Workplace Health and Safety Queensland investigators found the truck driver had failed to engage the primary locking mechanism on the passenger side outrigger before leaving the estate. The secondary locking mechanism was bent and worn. Testing showed this back-up device would not, on its own, have provided adequate and reliable restraint without an engaged primary locking mechanism. The investigation could not determine whether the passenger side outrigger extended as a result of a failure of the secondary locking mechanism or because the driver didn’t to properly retract the outrigger in the transport position.

At the time of the incident, the crane was well overdue for its 10-year major inspection as required by the Australian Standard and the manufacturer’s recommendations. The inspection was approximately 18 months overdue. The defendant did not have a maintenance plan or schedule in place to ensure periodic inspections and maintenance were done when required. The company was also aware of the need for a 10-year inspection, having received a quote for its other truck-mounted crane. A mandatory major inspection and service would have, amongst other things, included a check of the primary and secondary locking mechanisms to ensure they operated effectively and identified the need to fit a warning device in the vehicle cab to indicate when an outrigger was not in the transport position.

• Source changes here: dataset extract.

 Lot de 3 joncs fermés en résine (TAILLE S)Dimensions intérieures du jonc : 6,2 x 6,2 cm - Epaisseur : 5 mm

In sentencing, Magistrate Haydn Stjernqvist noted the defendant company was responsible for maintenance of the crane, with the truck and crane being used regularly in its business. Magistrate Stjernqvist referred to the aggravating circumstances of the case which included that the company had no system in place to ensure the trucks it used as part of its daily operations were properly maintained, the truck was being driven on public roads thus exposing unsuspecting members of the public to risk, and the defendant was aware of the need to conduct a 10 year major inspection for its other crane truck, yet had not made inquiries to obtain a quote for a similar service of the subject truck.

His Honour considered post-incident improvements made by the defendant, including the purchase of new cranes and the commencement of an ongoing service contract with a specialist company to inspect and maintain the cranes. He also took into account the defendant company’s lack of previous convictions, cooperation with the WHSQ investigation and guilty plea.

The company was convicted of an offence against section 32 of the Work Health and Safety Act 2011 of failing to comply with health and safety duty as a person with management or control of plant at a workplace to ensure, so far as reasonably practicable, that the plant was without risks to the health and safety of any person and that failure exposed an individual to a risk of death or serious injury.

The defendant was fined $135,000 and ordered to pay professional and court costs of almost $1,600. No conviction was recorded.